Review Essay—Regna et Regnum: Studies of Regions within the Carolingian Empire

Chandler, Cullen J.

The Heroic Age, Issue 12 (May 2009)

Abstract

This article discusses and reviews the following books:

•Brown, W. 2001. Unjust Seizure: Conflict, Interest, and Authority in Early Medieval Society. Ithaca: Cornell University Press.
•Hummer, H. J. 2005. Politics and Power in Early Medieval Europe: Alsace and the Frankish Realm, 600-1000. Cambridge: Cambridge University Press.
•Innes, M. 2000. State and Society in the Early Middle Ages: The Middle Rhine Valley, 400-1100. Cambridge: Cambridge University Press.
•Pearson, K. L. R. 1999. Conflicting Loyalties in Early Medieval Bavaria: A View of Socio-Political Interaction, c. 680-900. Aldershot: Ashgate.

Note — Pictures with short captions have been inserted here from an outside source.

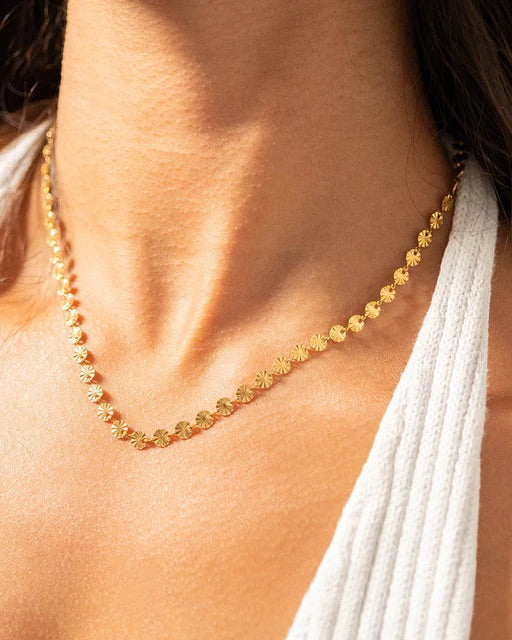 Waterproof Gold sunburst necklace.
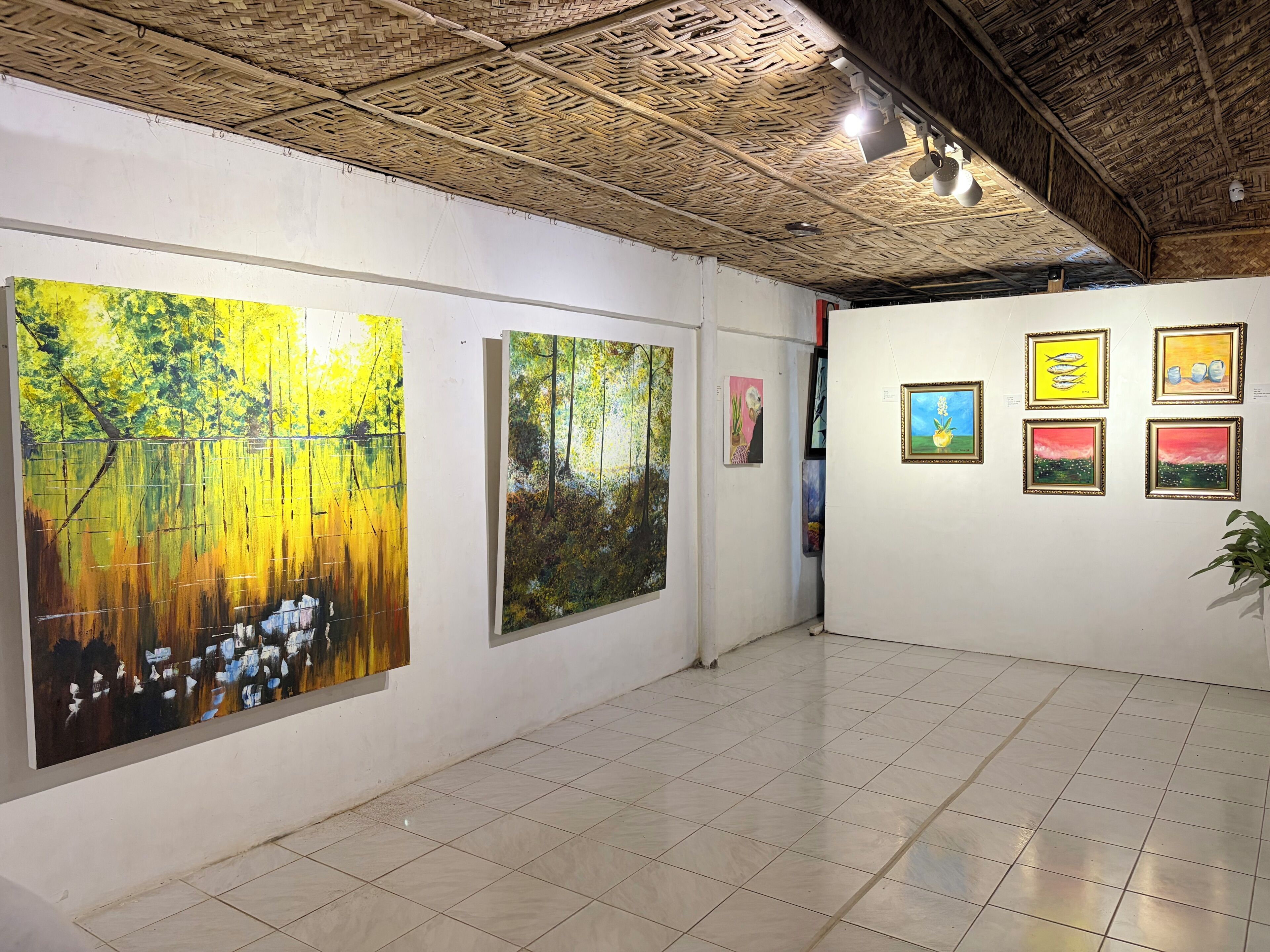 Una galería de arte con pinturas en las paredes y un piso de baldosas.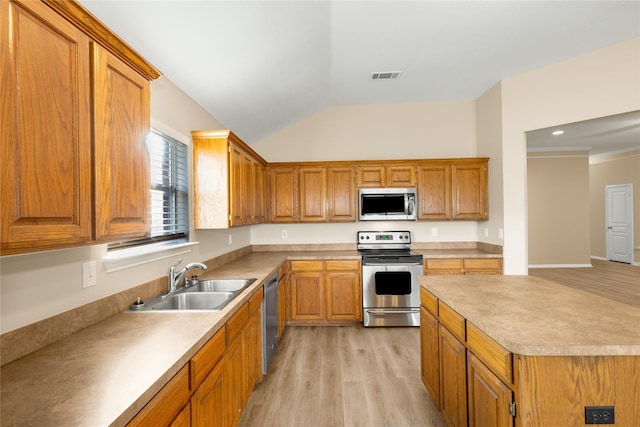 kitchen with sink, vaulted ceiling, stainless steel appliances, and light wood-type flooring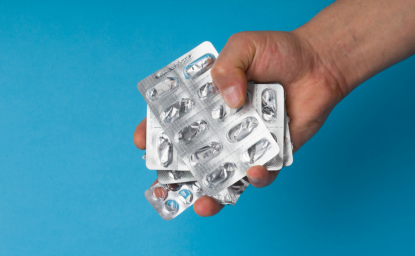 Hand holding empty pill blisters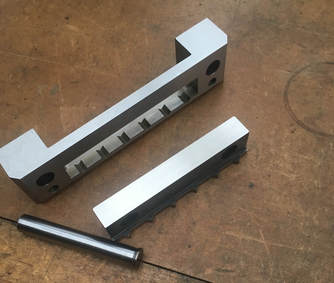 Components manufactured on a CNC machine.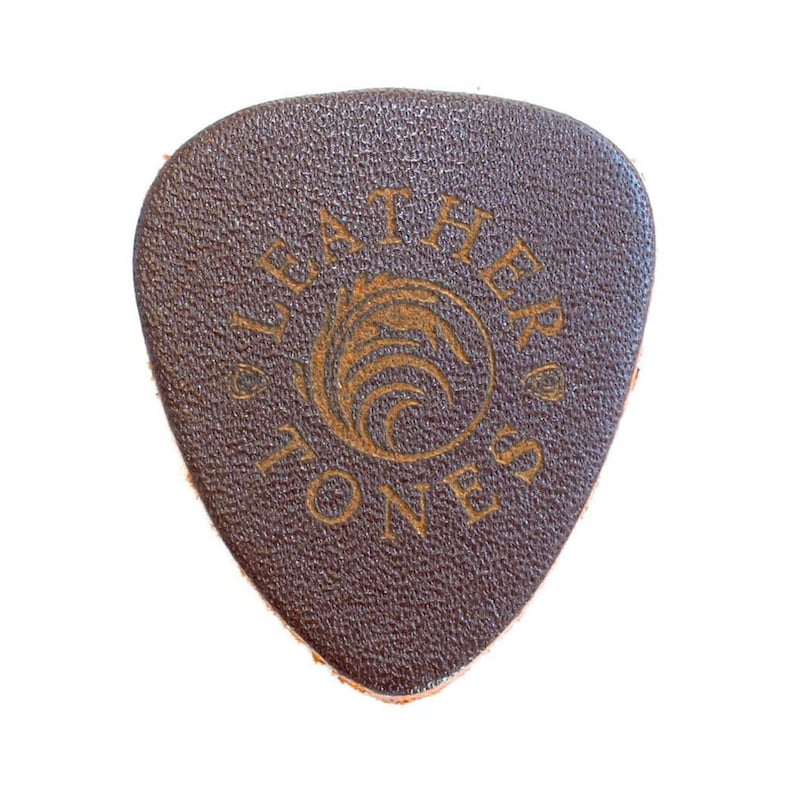 May include: A brown leather guitar pick with the text "Leather Tones" and a stylized wave design in gold.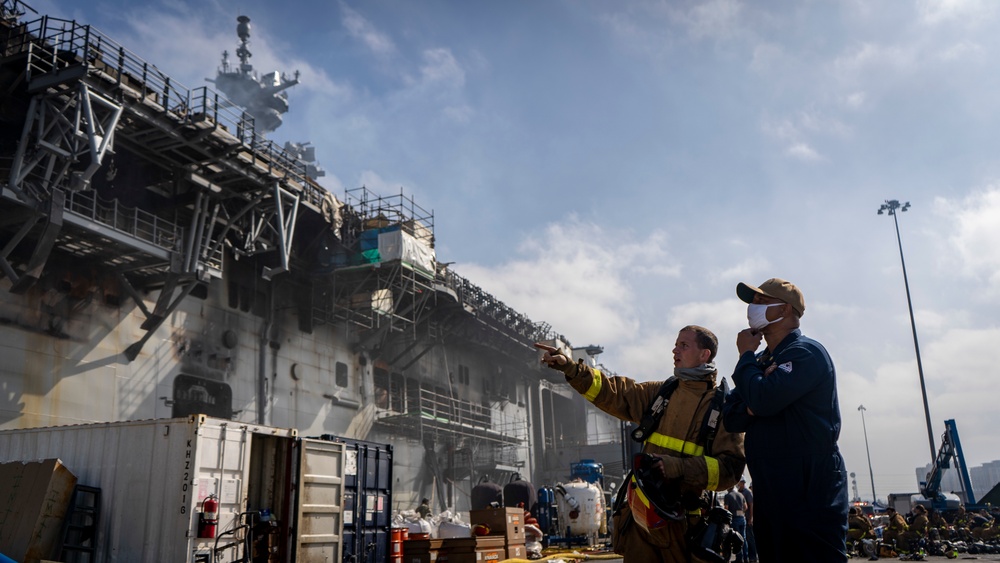 Sailors and Federal San Diego Firefighters fight fire aboard USS Bonhomme Richard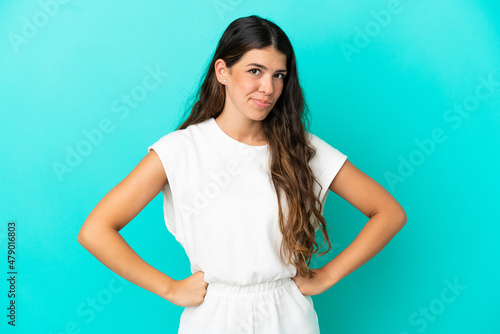Young caucasian woman isolated on blue background angry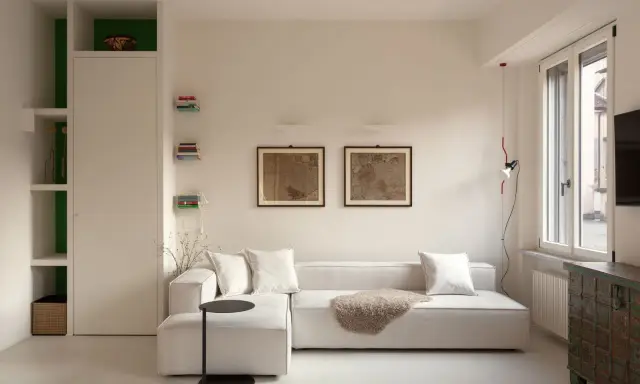 Soggiorno moderno: divano bianco, quadri antichi e libreria a giorno. Idee su come arredare con stile e funzionalità.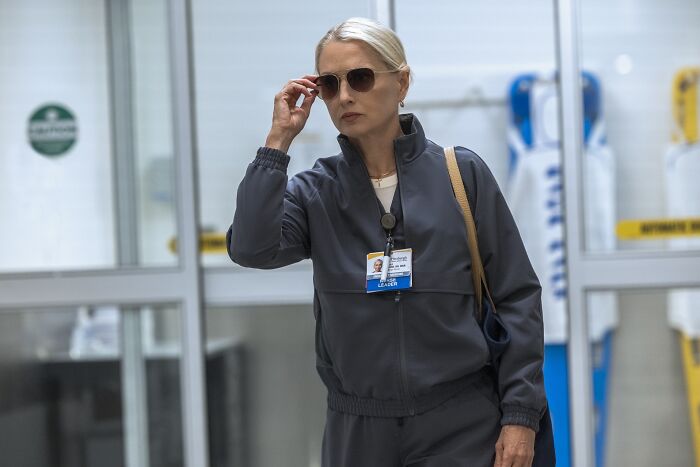 Katherine LaNasa portraying Nurse Dana, inspired by her cancer diagnosis, wearing dark medical scrubs and sunglasses. - 3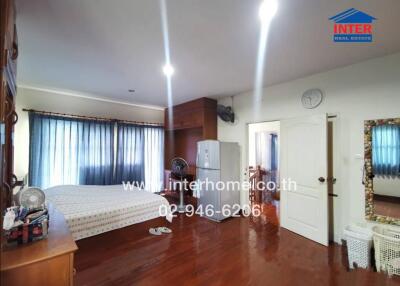 Spacious bedroom with wooden floors, large bed, and modern amenities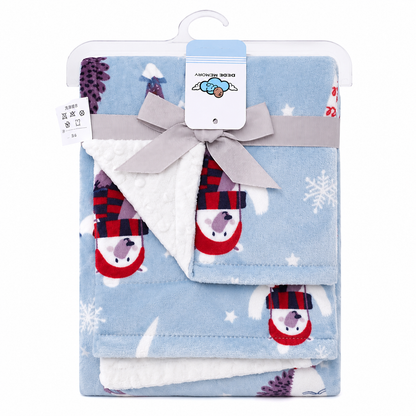 A folded baby blanket set in light blue fleece with a sherpa lining, decorated with cartoon snowman prints wearing red and black plaid scarves and white snowflake motifs. The set is packaged in a clear plastic hanger with a gray ribbon and bow, and a white paper tag.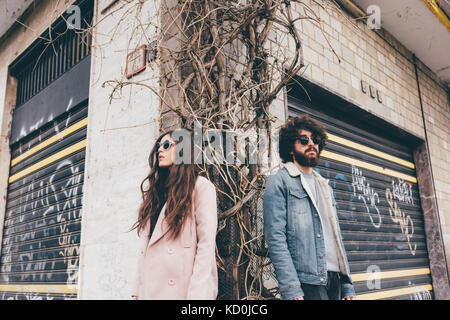 Portrait de jeune homme et femme, debout sur coin de rue, low angle view Banque D'Images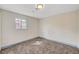 A basic bedroom with carpeted floors and a single window provides simple comfort at 1804 David Ave, Las Vegas, NV 89101
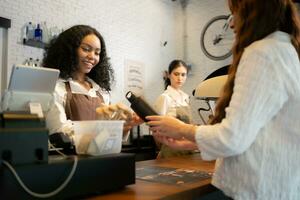 Young woman barista serves customers who bring their own cups in a coffee shop. photo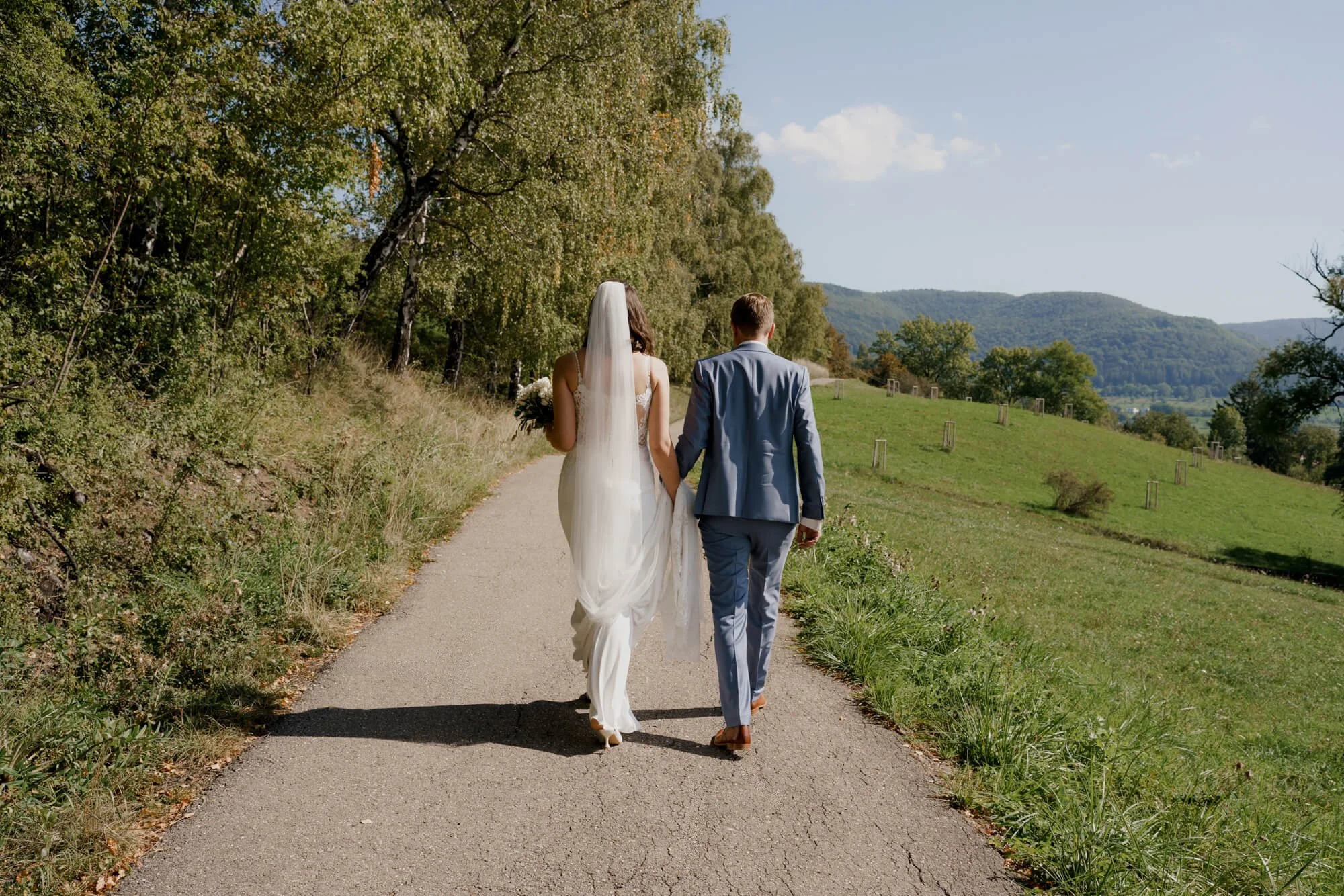 View from the back how couple is going on the road during wedding photosession in Reutlingen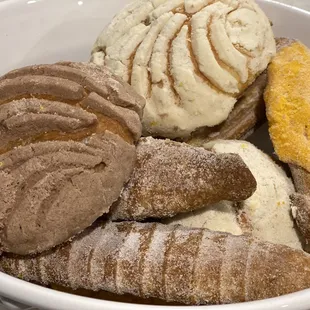 a bowl of ice cream and pastries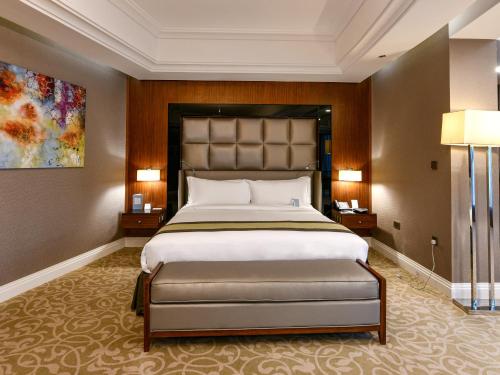 a bedroom with a large bed and two lamps at Best Plaza West Bay Hotel in Doha
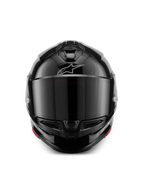 Casco Alpinestars S-R7 Solid, casco de moto integral, negro brillante, vista frontal con visor ahumado oscuro, calota aerodinámica estilizada con ventilaciones en la mentonera y en la parte superior, sutil logotipo plateado de Alpinestars en la frente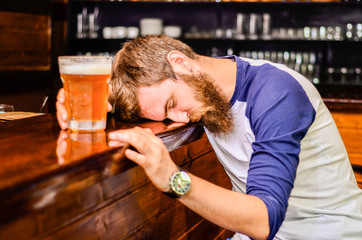 bearded drunk man sleeps with Barney table with a glass of beer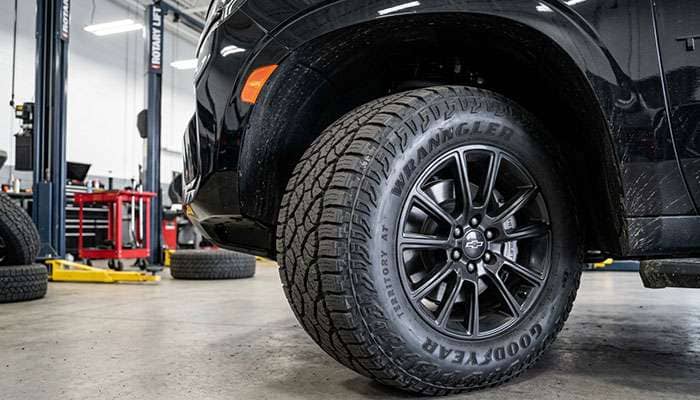 Front tire of a Chevy Tahoe turned to full steering lock showing the gap to the plastic fender liner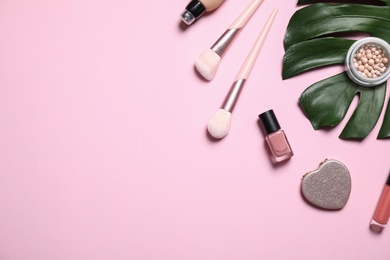 Photo of Makeup products and green leaf on pink background, flat lay. Space for text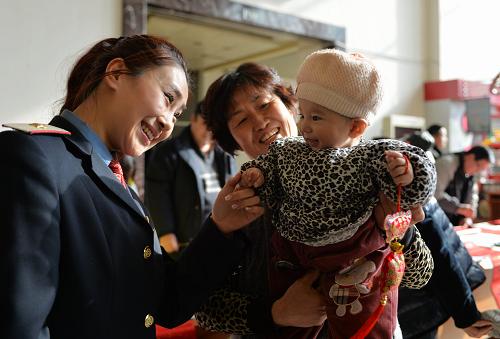 1月27日,兰州火车站客运员高子钦(左)向一位候车小朋友赠送年俗挂饰。新华社记者 陈斌 摄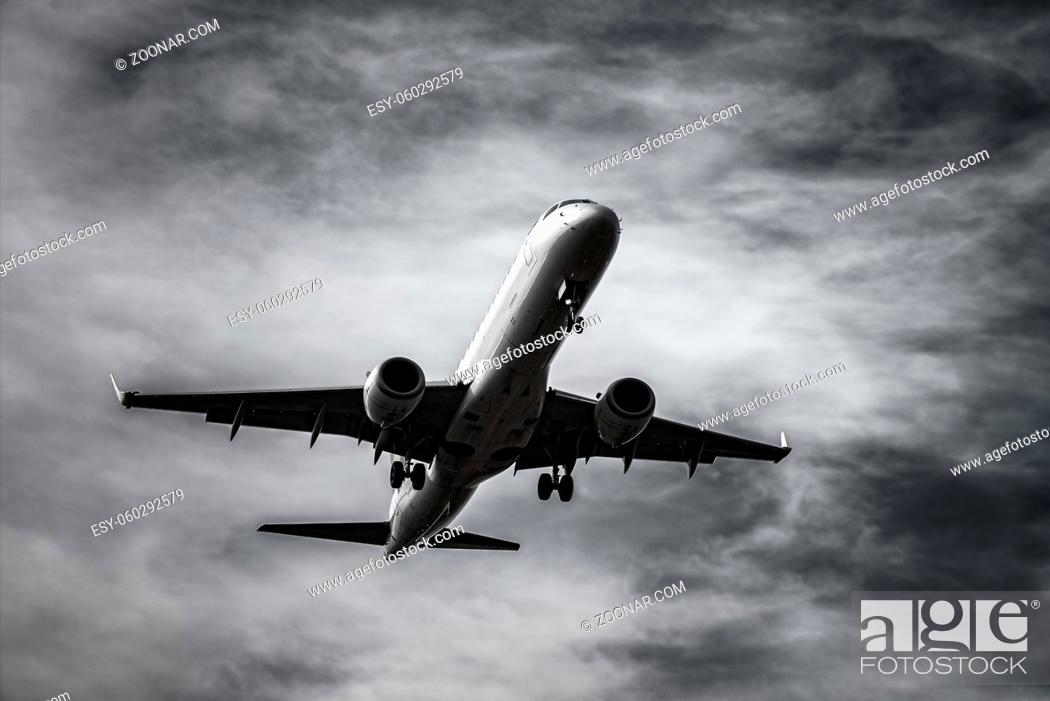 Stock Photo: Flugzeug im Landeanflug vor dramatischem Himmel in Schwarz Weiss. Airplane landing in front of dramatic sky in black and white.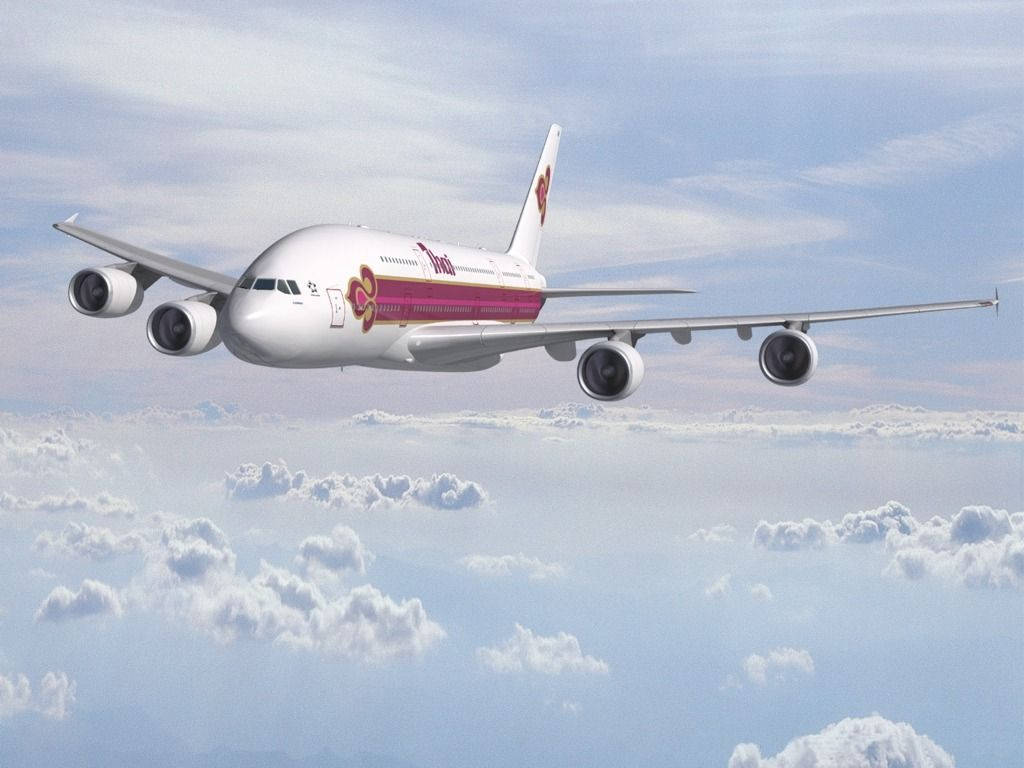 飛機 桌布 壁紙 — 泰國航空的空中巴士A380在晴朗的藍天下，優雅地翱翔於蓬鬆的白雲之上。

A full decade has passed since the appearance of New Cambridge History, volume 2, which concerns the Carolingian world and its neighboring civilizations (McKitterick 1995). That collection served as a synthesis of the state of the question in different aspects of the field and as a point of departure for more recent studies. It gave digests of the developments in different regions of the Carolingian Empire—the West, the Middle and East, and the Fines Imperii—as well as on different aspects of the life, thought, religion, and culture of the era (Fouracre 1995, 85–109; Nelson 1995, 110–141; Fried 1995, 142–168; Smith 1995, 169–189). The volume also includes sections on kingship and the aristocracy, which help to deepen our understanding of how power and politics worked in the Carolingian period (Nelson 1995, 383–430; Airlie 1995, 431–450; MacLean 2003). Even while the contributors to that volume did their work, new investigations into the regional histories of the Carolingian world were underway. It is time to see where this new body of scholarship has taken the field.